(Caption-style text data)
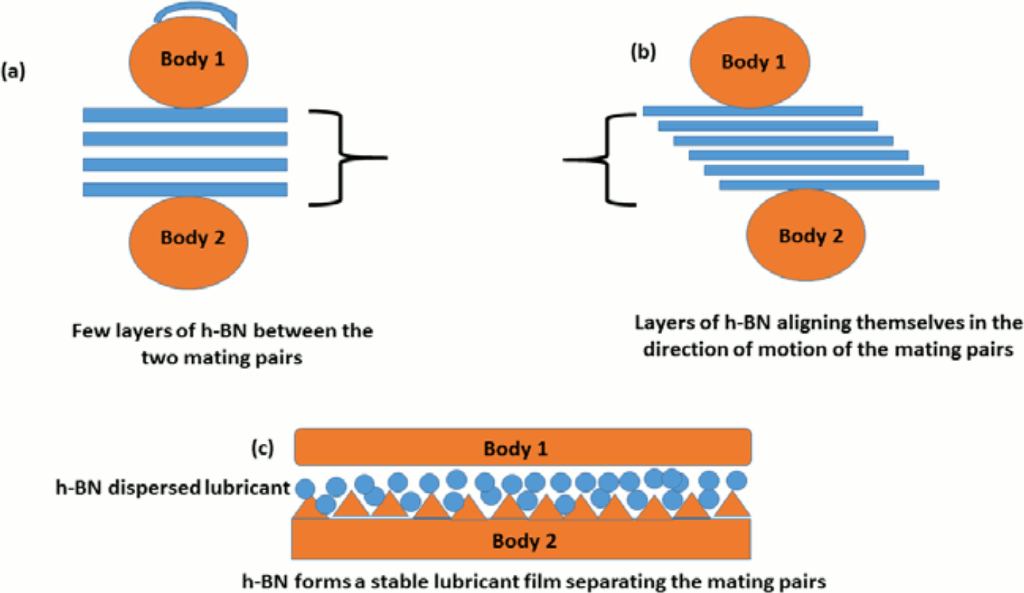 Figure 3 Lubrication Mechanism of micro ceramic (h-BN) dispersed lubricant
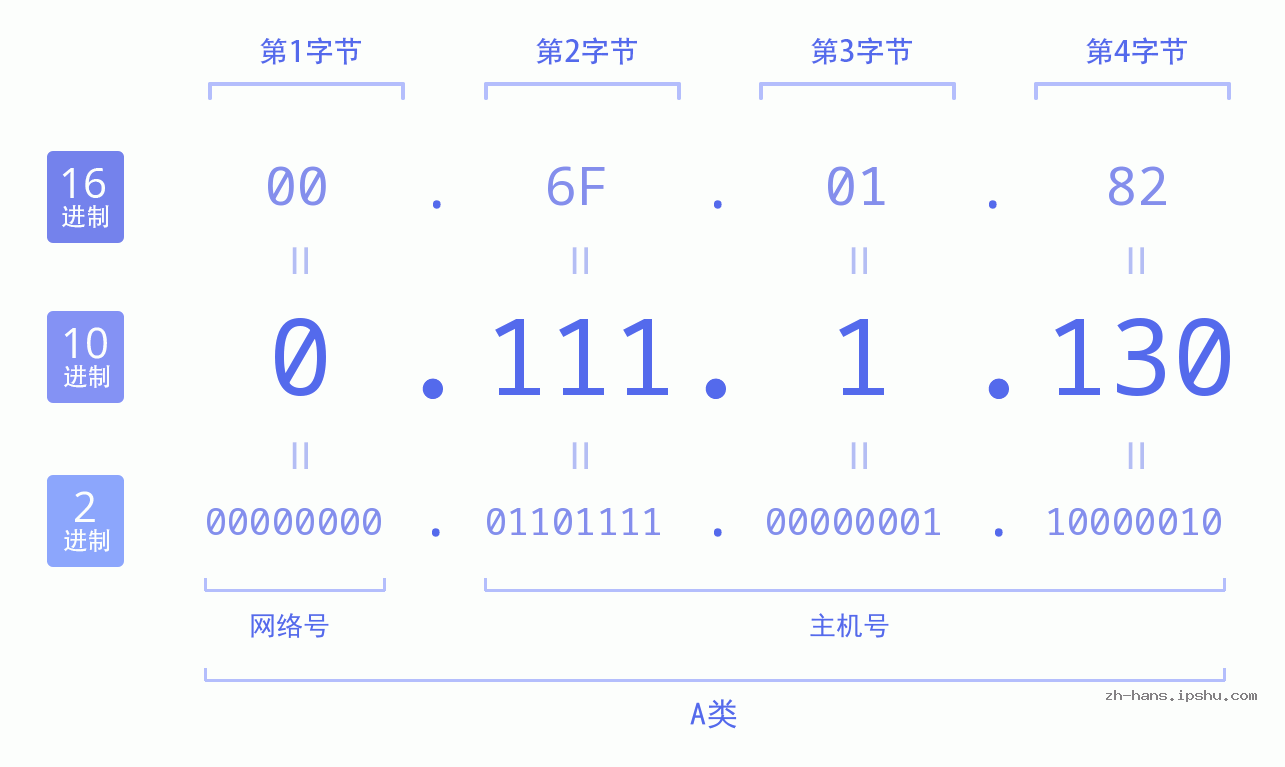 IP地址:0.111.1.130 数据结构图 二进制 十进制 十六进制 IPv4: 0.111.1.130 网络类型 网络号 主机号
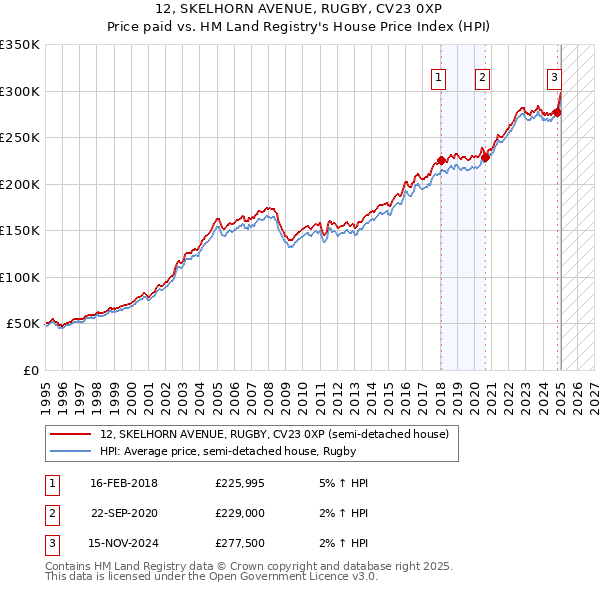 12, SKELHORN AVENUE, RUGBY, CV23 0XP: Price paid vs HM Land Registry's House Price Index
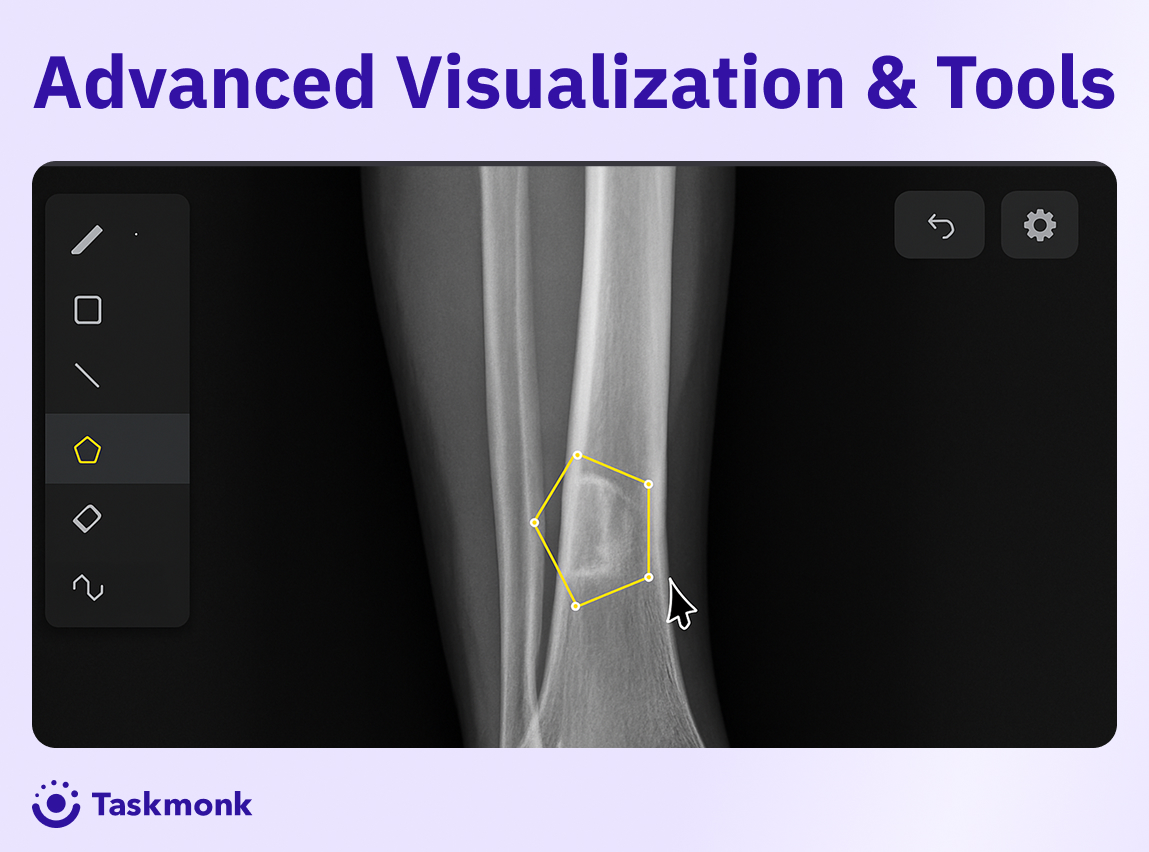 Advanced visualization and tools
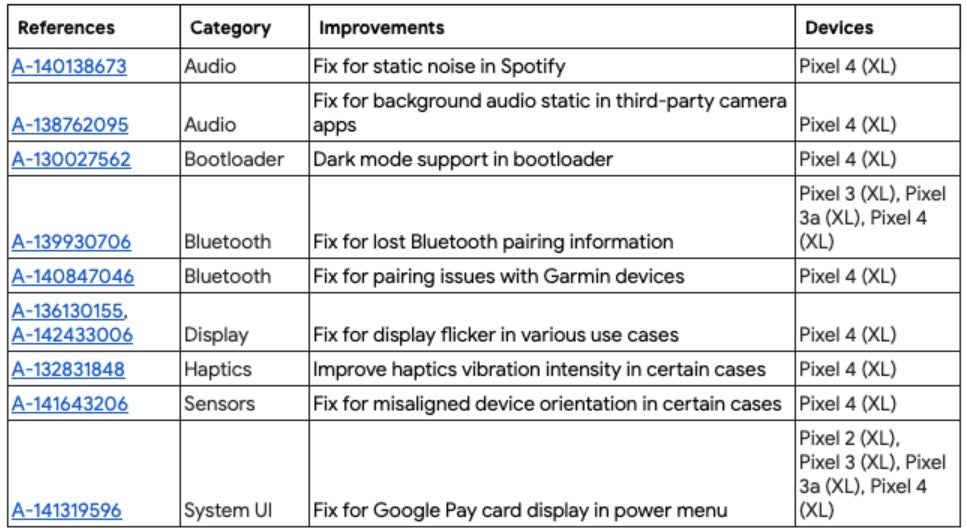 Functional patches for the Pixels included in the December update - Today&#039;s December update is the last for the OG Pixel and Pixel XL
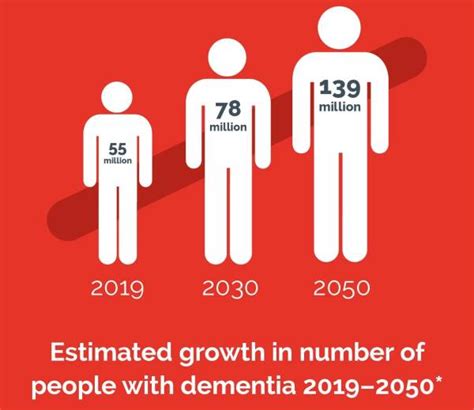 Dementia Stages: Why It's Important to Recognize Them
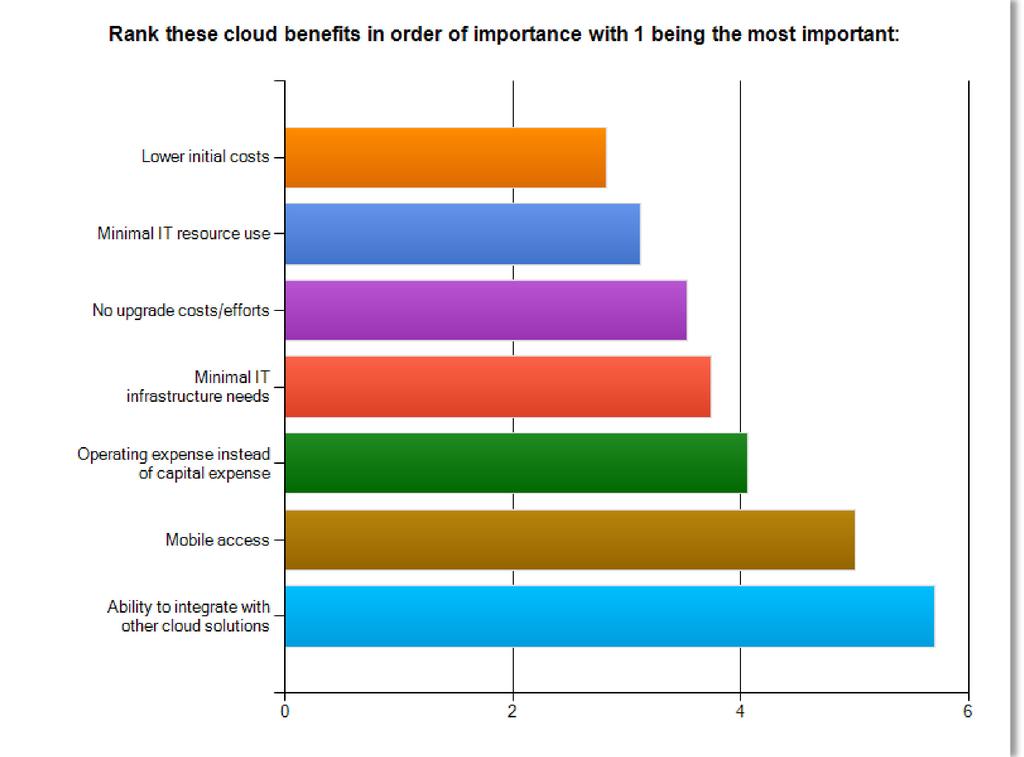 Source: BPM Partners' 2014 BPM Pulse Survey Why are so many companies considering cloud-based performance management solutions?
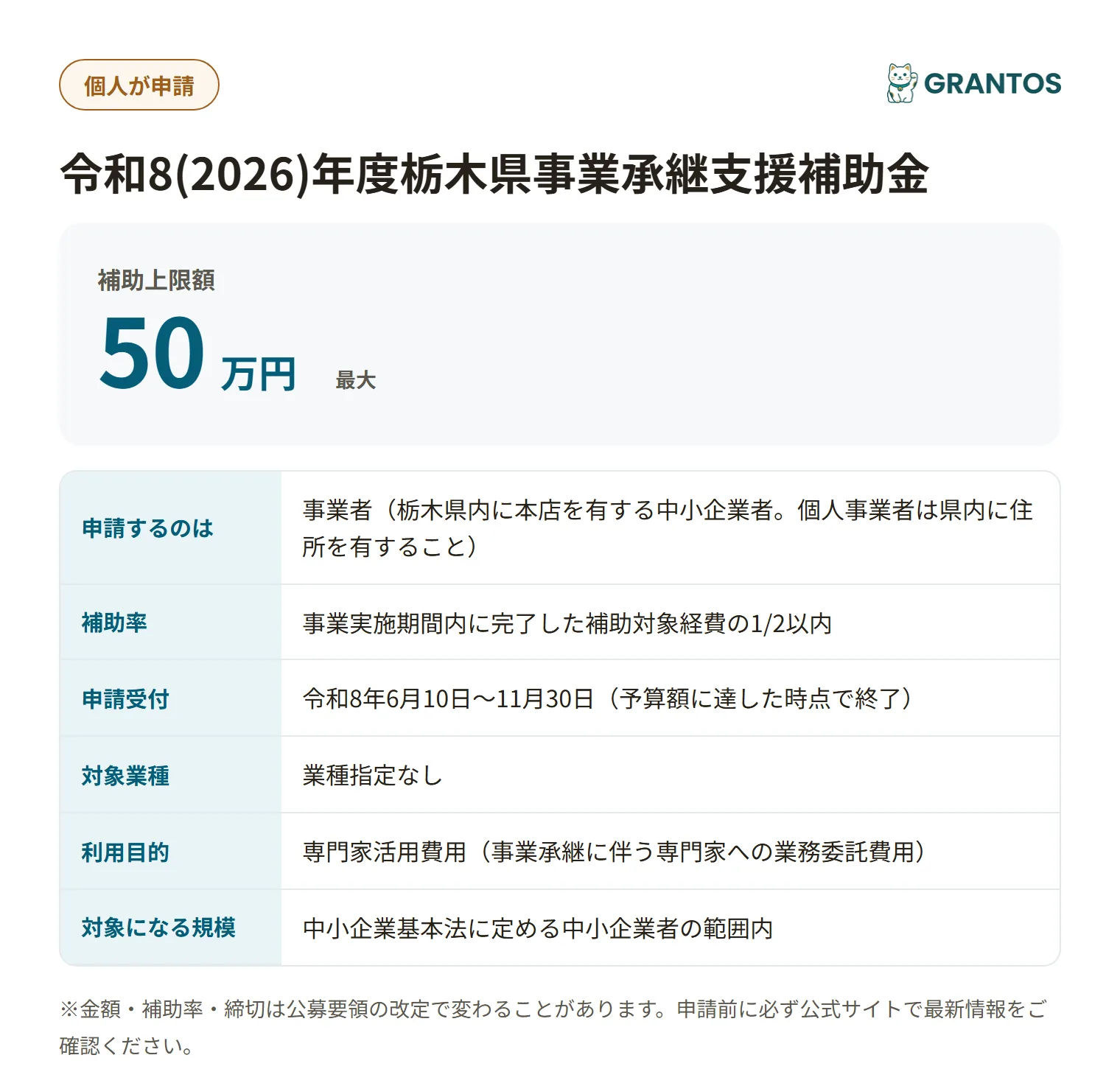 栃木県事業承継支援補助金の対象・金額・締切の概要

__Your objective__
Retype the lines above exactly as they appear, from the line containing "12, SKELHORN AVENUE, RUGBY, CV23" through the line containing "to Recognize Them", and leave out any pictures.

__Solved exercise__
 12, SKELHORN AVENUE, RUGBY, CV23 0XP: Price paid vs HM Land Registry's House Price Index
 Advanced visualization and tools
 Functional patches for the Pixels included in the December update - Today&#039;s December update is the last for the OG Pixel and Pixel XL
 Dementia Stages: Why It's Important to Recognize Them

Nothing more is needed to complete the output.